A report from New York on the UN conference on globalization
NEW YORK, Sept 17 (iviews.com) - The 52nd annual Department of Public Information (DPI) and Non Governmental Organization (NGO) conference, held September 15-17 at the United Nations building in New York, focused on world-wide concern over the effects of globalization. In his opening address to representatives of the over 800 NGOs gathered at the conference, UN Secretary General Kofi Annan stressed the need for a more human face to globalization, a face whose creation necessitated the involvement of non-governmental partners and civil society at large.
Jordan's Queen Noor al-Hussein followed Annan in Wednesday's opening and said there needed to be a balance between concern for profits and concern for people. She said NGOs, together with government and business, should be part of the three-pronged plug through which the power of globalization could flow.
Nobel laureate and former Costa Rican president, Oscar Arias, condemned the tremendous wealth gap of the present times and said that local communities, instead of an elite few, must be empowered to decide the form globalization would take in their areas.
But despite any agreement on the need to humanize globalization, the variety of sessions that followed the opening remarks revealed differing opinions on the actual gravity of the situation and the best way to counteract some of the admittedly harmful effects of globalization and free markets. John Hancock, a counselor for the World Trade Organization (WTO), speaking at a panel discussion on globalization held Wednesday afternoon, said it was not up to the WTO to impose regulations on business and blamed many humanitarian problems on "internal issues." As an example, Hancock noted the problem of hormone treated beef, which came into use as a result of consumer demand rather than a trade issue.
Paribas' Chief Economist for North America, Brian Fabri, said he did not think the situation was so alarming. Fabri faulted high-level corruption, a lack of transparency and dishonest legal systems and urged countries to embrace pro-market policies. "It is better to have had capital and lost, than to never have had capital at all," he said.
Speaking at a September 16 session addressing globalization's effect on labor, US Deputy Under Secretary of Internal Labor Affairs, Andrew Samet, agreed that there is need to protect workers from the volatile nature of globalization. But he also stressed the need for internal action in the form of increased social safety nets rather than global policies.
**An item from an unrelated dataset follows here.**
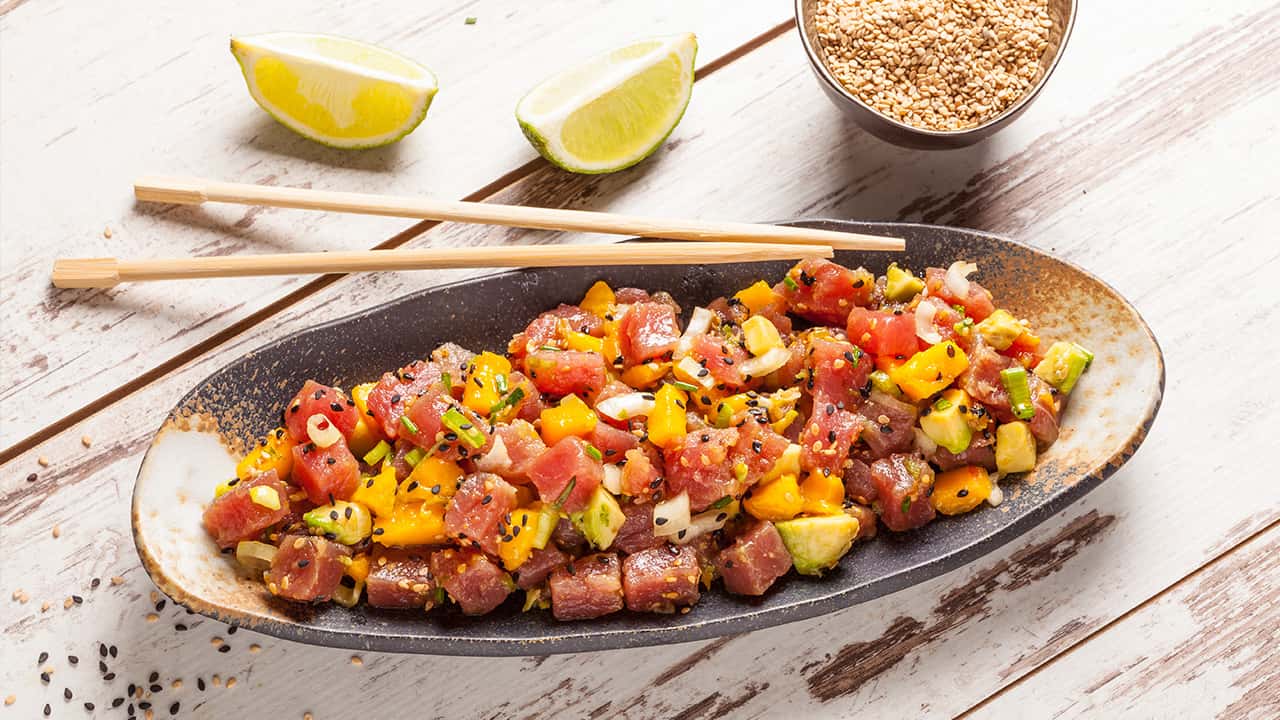 INSALATA POKÈ CON TONNO, PESCHE E LIME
He said, "It is not mutually exclusive to have trade and human rights," and that humanizing globalization was "not about restricting global commerce."
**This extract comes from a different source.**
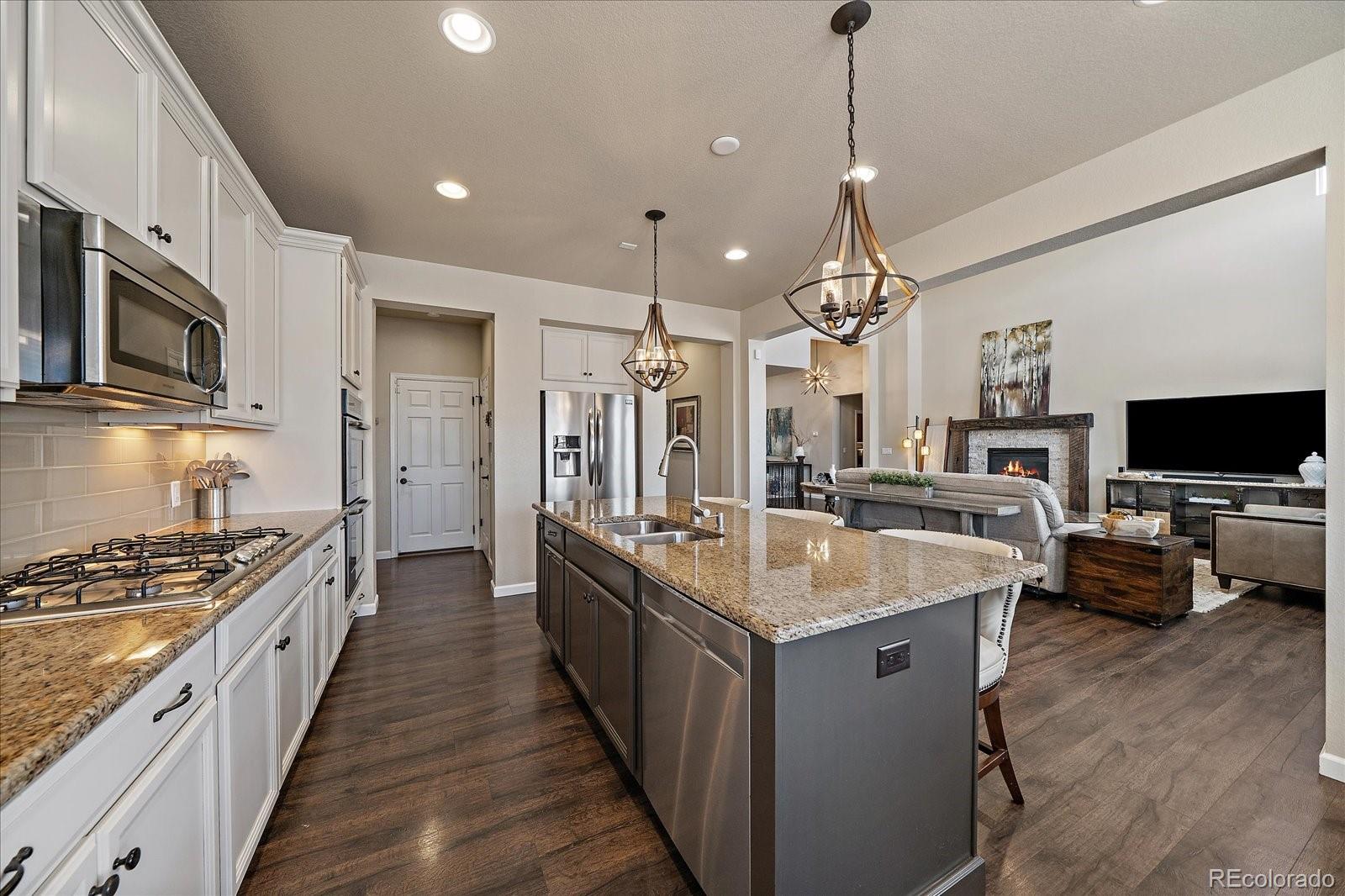 MLS Image #15 for 12590  valentia street,thornton, Colorado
But a session held early Thursday morning, examining the way tobacco companies have manipulated the opportunities provided by globalization to circumvent humanitarian concerns, provided a moving case study into the not-always altruistic intentions of big business and its ability to undermine the best efforts of government and civil society alike. Derek Yach, director of the Tobacco Free Initiative, said big business interests such as tobacco companies were capable of "distorting our knowledge" and "subverting administrative and legislative structures around the world" on both the civil society and governmental level.
Craig Kielberger, the 16 year-old chairperson of the Free the Children, received a standing ovation at Thursday's conference on labor for his stirring denunciation of the greed and waste of many companies which was responsible for the enslavement, brutalization and murder of children around the world.
Closing Thursday's session on labor, Martha Ojeda, a Mexican labor activist, likewise received a standing ovation when she directly condemned big business and the global policies that allowed it to exploit poor workers. She said that the policies amounted to a "slavery of neo-liberalism" and that for millions of poor workers the so-called benefits of globalization do not reach them. She related horrifying accounts of big business exploitation of worker's rights that included imprisonment, beatings, uncompensated injuries, rape and sexual molestation. She said that everywhere there is "misery and famine" and that the UN "must guarantee the rights of the workers."
The conference reopened Friday morning with sessions examining communications technology and creating partnerships between civil society, the private sector and government.